In the copy, include all of the listing exactly and none of its pictures.

WORKING DATA -
★ ★ ★ ★

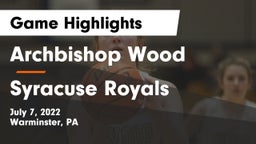 Archbishop Wood  vs Syracuse Royals Game Highlights - July 7, 2022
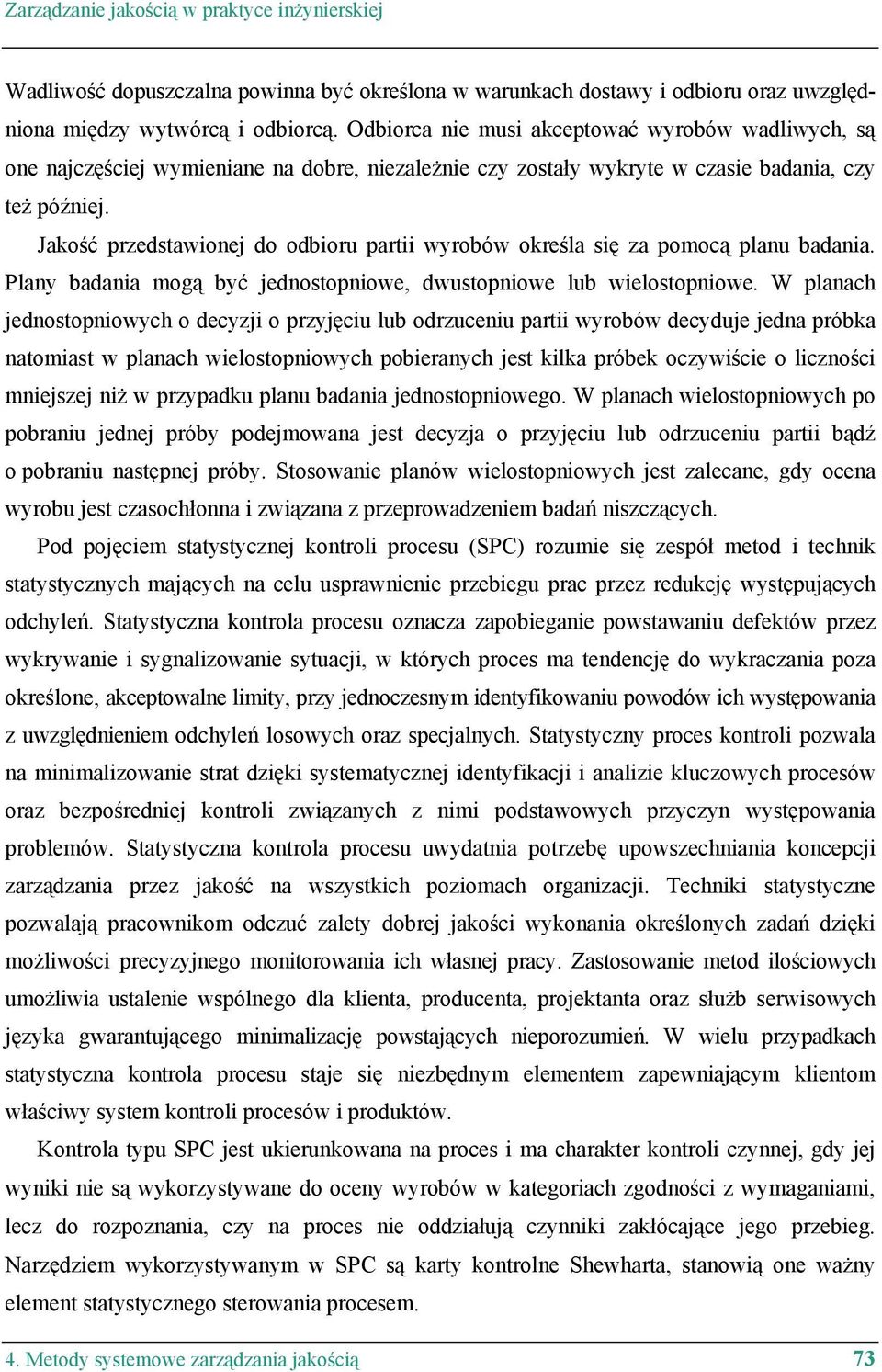 Jakość przedstawionej do odbioru partii wyrobów określa się za pomocą planu badania. Plany badania mogą być jednostopniowe, dwustopniowe lub wielostopniowe.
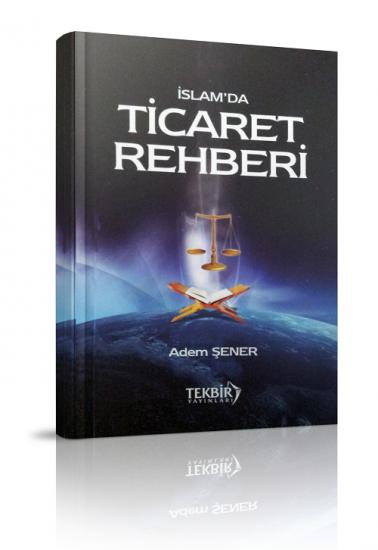 İslamda Ticaret Rehberi Adem Şener
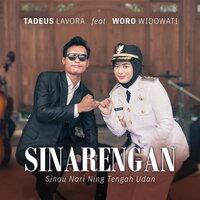 Sinarengan - Tadeus Lavora & WORO WIDOWATI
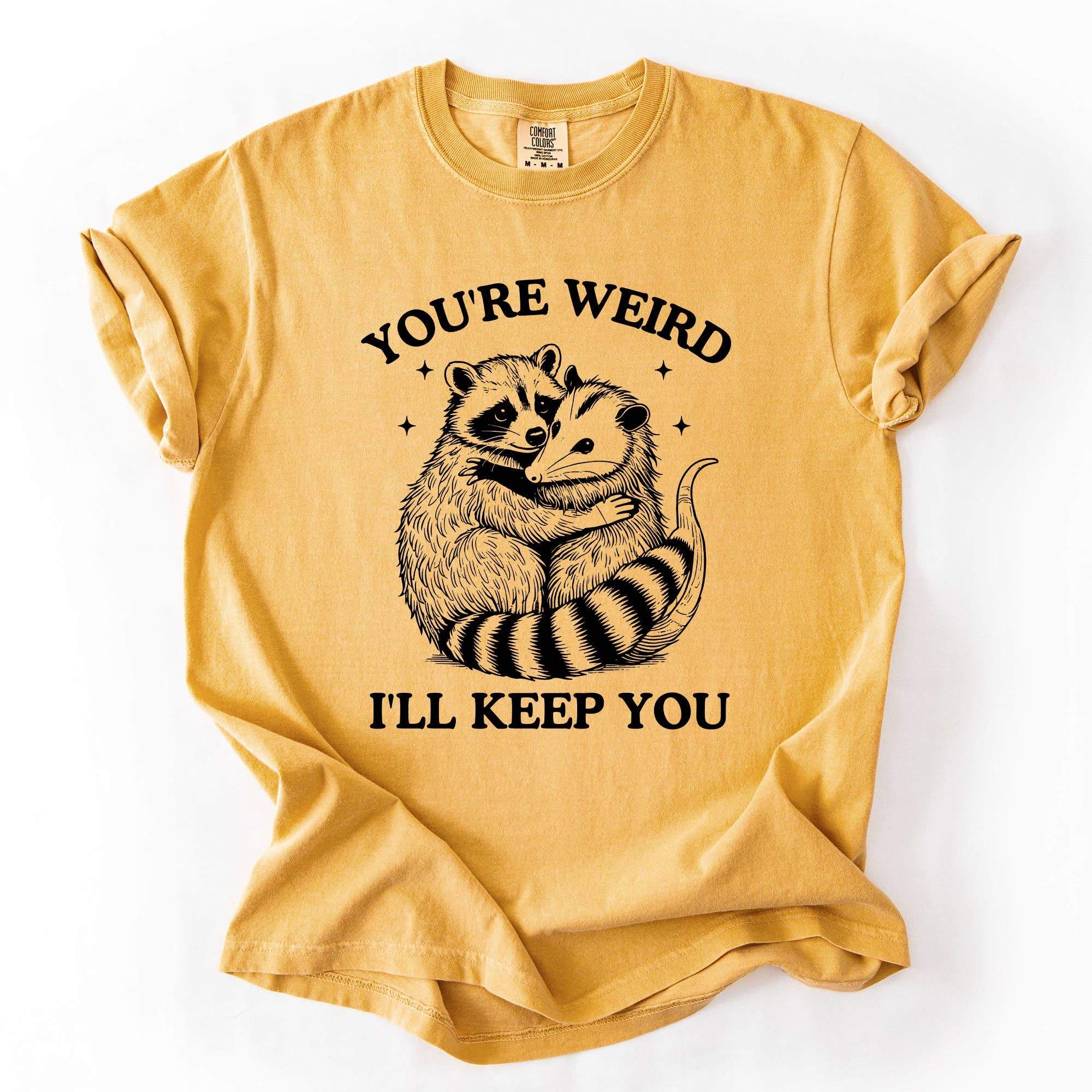 You're Weird, I'll Keep You, Raccoon Possum Sarcastic Tshirt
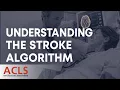 Adult Suspected Stroke Algorithm ACLS Certification Association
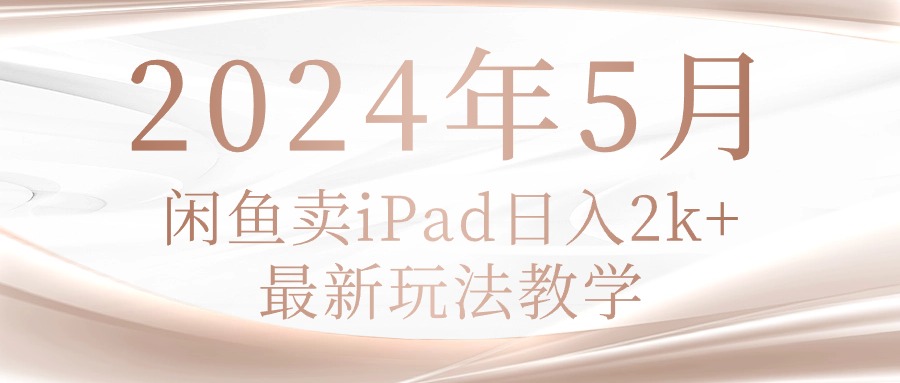 （10459期）2024年5月闲鱼卖ipad日入2k，最新玩法教学-来此网赚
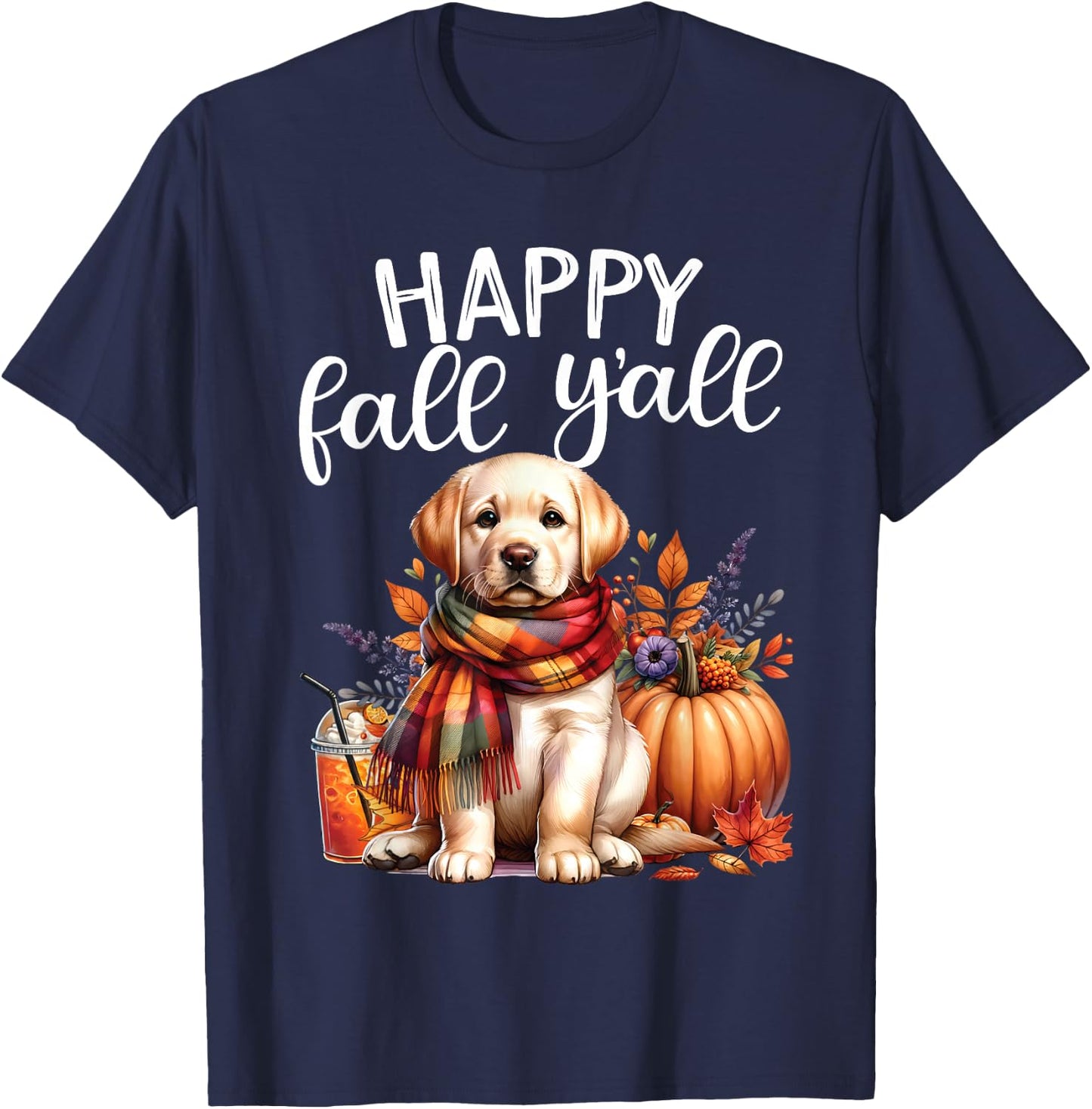 Labrador Retriever Dog pumpkin spice Happy Fall Yall autumn T-Shirt - T-Shirt | Navy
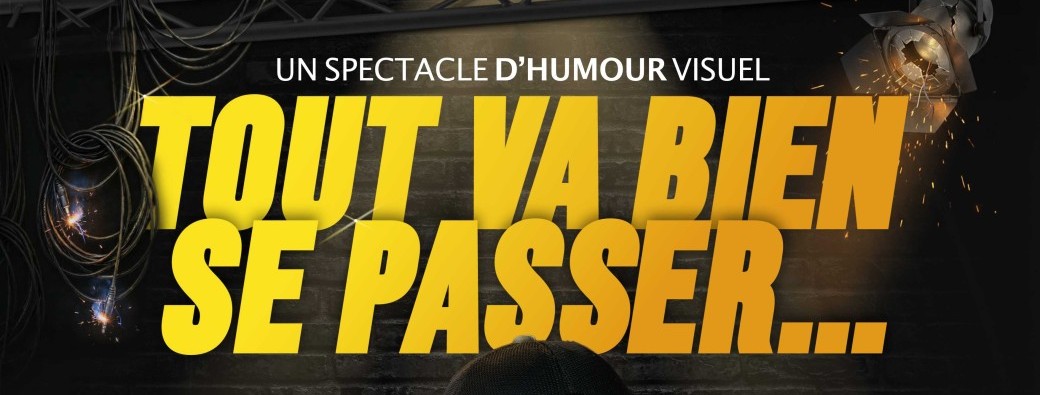 TOUT VA BIEN SE PASSER !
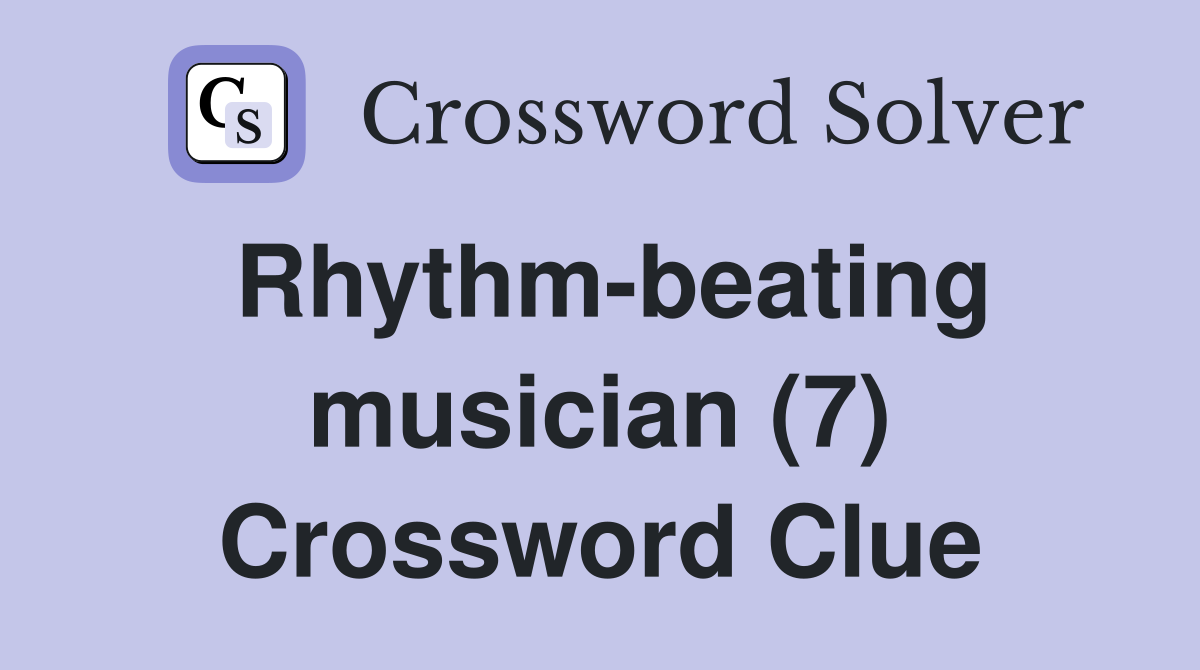 Rhythm-beating musician (7) Crossword Clue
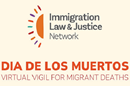Join the Immigration Law & Justice Network on November 2 to honor the migrant lives who passed on while crossing the border this past year.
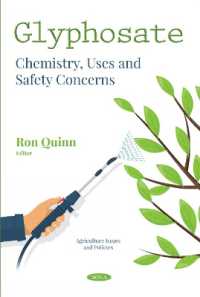Glyphosate : Chemistry, Uses and Safety Concerns -- Paperback / softback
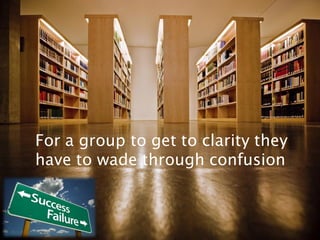 For a group to get to clarity they
have to wade through confusion
 
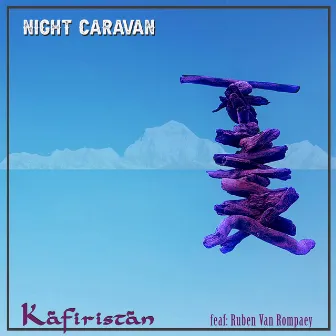 Night Caravan by Kafiristan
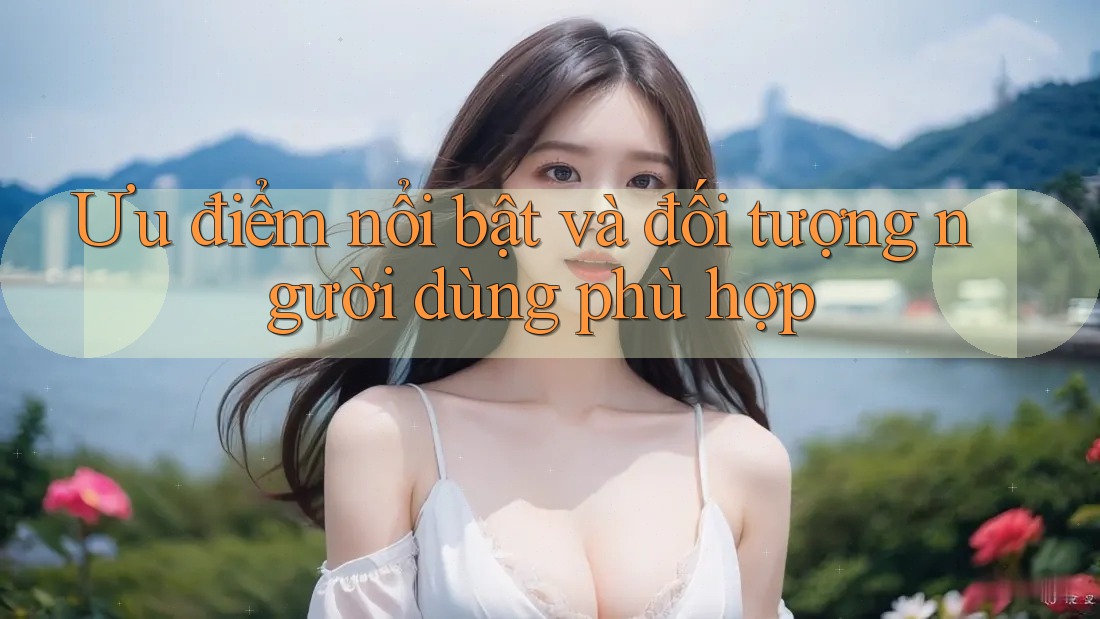 Ưu điểm nổi bật và đối tượng người dùng phù hợp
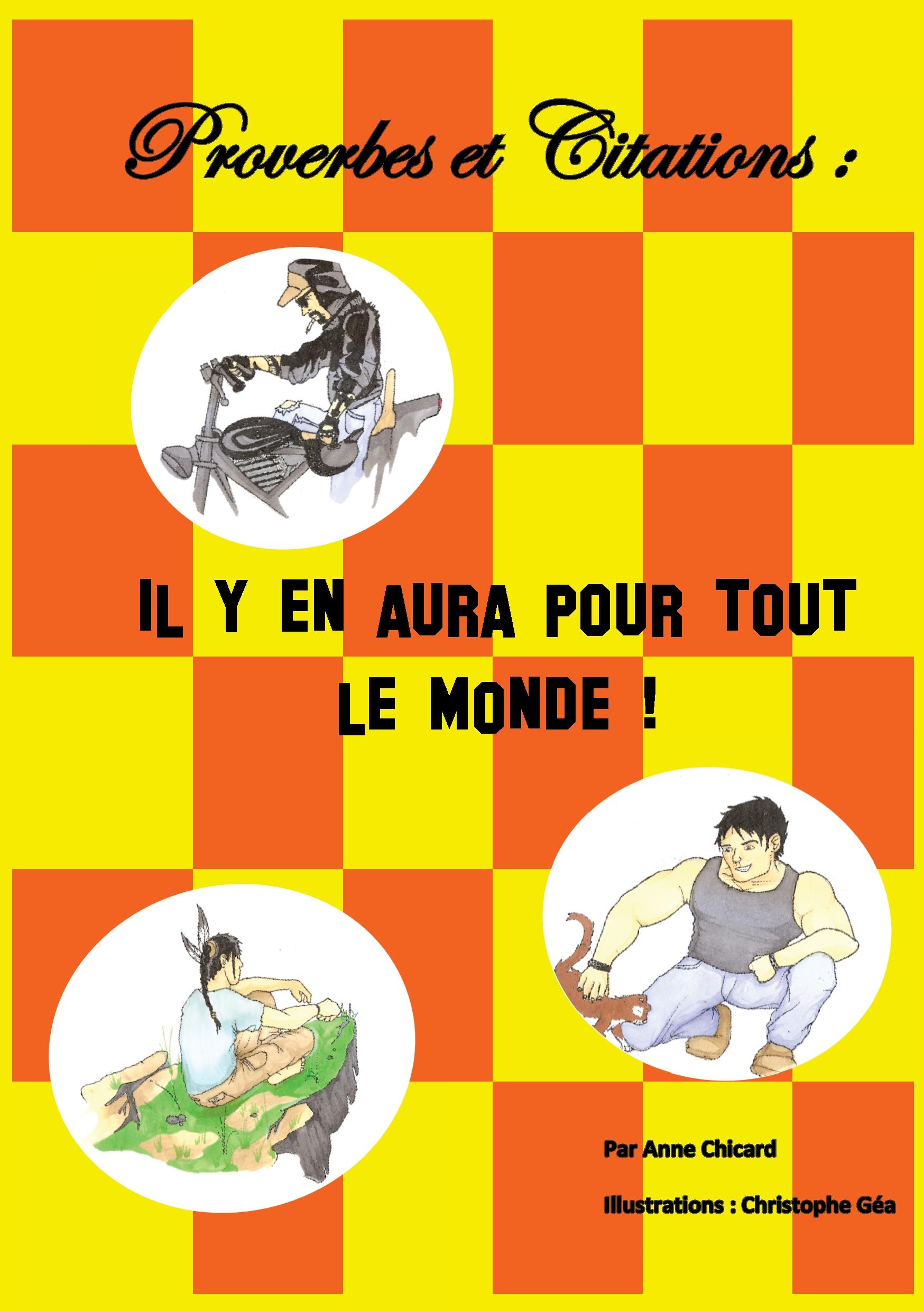 Proverbes et citations : il y en aura pour tout le monde !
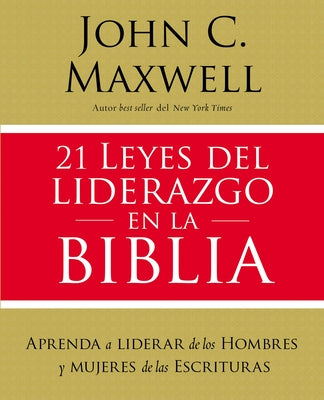 21 leyes del liderazgo en la Biblia: Aprenda a liderar de los hombres y mujeres de las Escrituras (Spanish Edition)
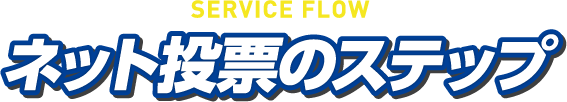 SERVICE FLOW ネット投票のステップ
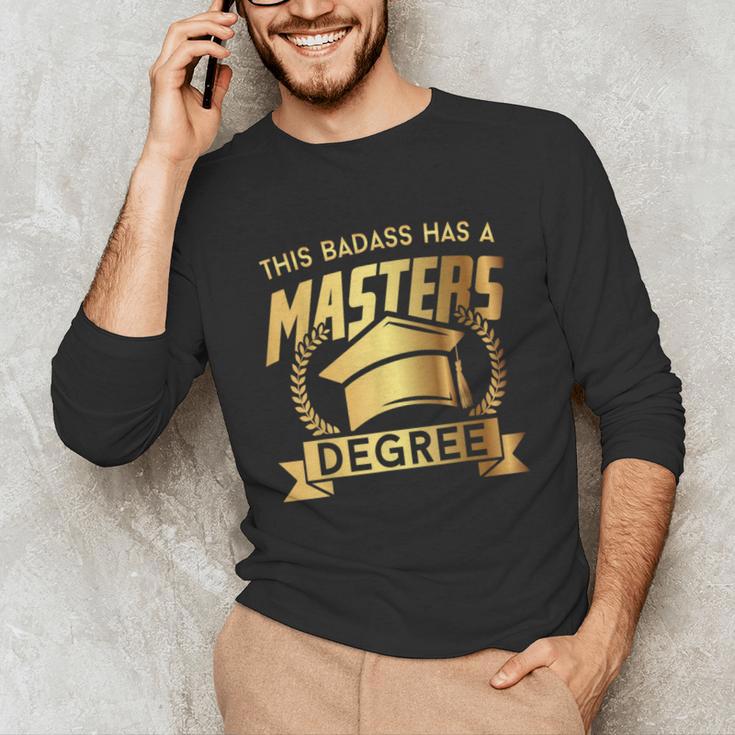This Badass Has a Masters Degree College Graduation Unisex Long Sleeve T-Shirt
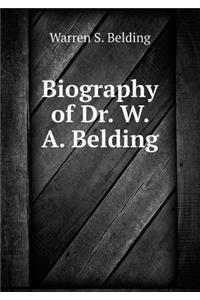 Biography of Dr. W. A. Belding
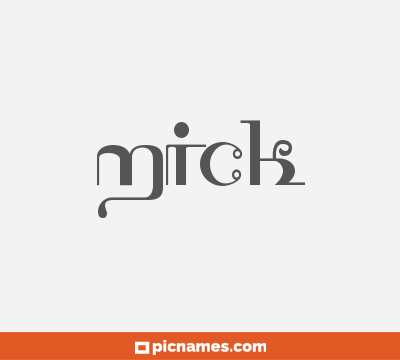Mick
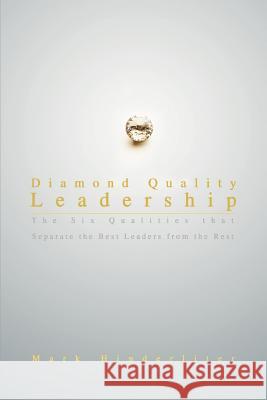 Diamond Quality Leadership: The Six Qualities That Separate the Best Leaders from the Rest Hinderliter, Mark 9780595440467 iUniverse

★ ★ ★ ★

YOUR RESPONSE -
 Archbishop Wood  vs Syracuse Royals Game Highlights - July 7, 2022
 Jakość przedstawionej do odbioru partii wyrobów określa się za pomocą planu badania. Plany badania mogą być jednostopniowe, dwustopniowe lub wielostopniowe.
 İslamda Ticaret Rehberi Adem Şener
 Sinarengan - Tadeus Lavora & WORO WIDOWATI
 You're Weird, I'll Keep You, Raccoon Possum Sarcastic Tshirt
 Adult Suspected Stroke Algorithm ACLS Certification Association
 （10459期）2024年5月闲鱼卖ipad日入2k，最新玩法教学-来此网赚
 Labrador Retriever Dog pumpkin spice Happy Fall Yall autumn T-Shirt - T-Shirt | Navy
 TOUT VA BIEN SE PASSER !
 Rhythm-beating musician (7) Crossword Clue
Join the Immigration Law & Justice Network on November 2 to honor the migrant lives who passed on while crossing the border this past year.
Glyphosate : Chemistry, Uses and Safety Concerns -- Paperback / softback
 For a group to get to clarity they
have to wade through confusion
 
 Night Caravan by Kafiristan
 Ưu điểm nổi bật và đối tượng người dùng phù hợp
 Proverbes et citations : il y en aura pour tout le monde !
 21 leyes del liderazgo en la Biblia: Aprenda a liderar de los hombres y mujeres de las Escrituras (Spanish Edition)
 SERVICE FLOW ネット投票のステップ
This Badass Has a Masters Degree College Graduation Unisex Long Sleeve T-Shirt
 Biography of Dr. W. A. Belding
Mick
 Diamond Quality Leadership: The Six Qualities That Separate the Best Leaders from the Rest Hinderliter, Mark 9780595440467 iUniverse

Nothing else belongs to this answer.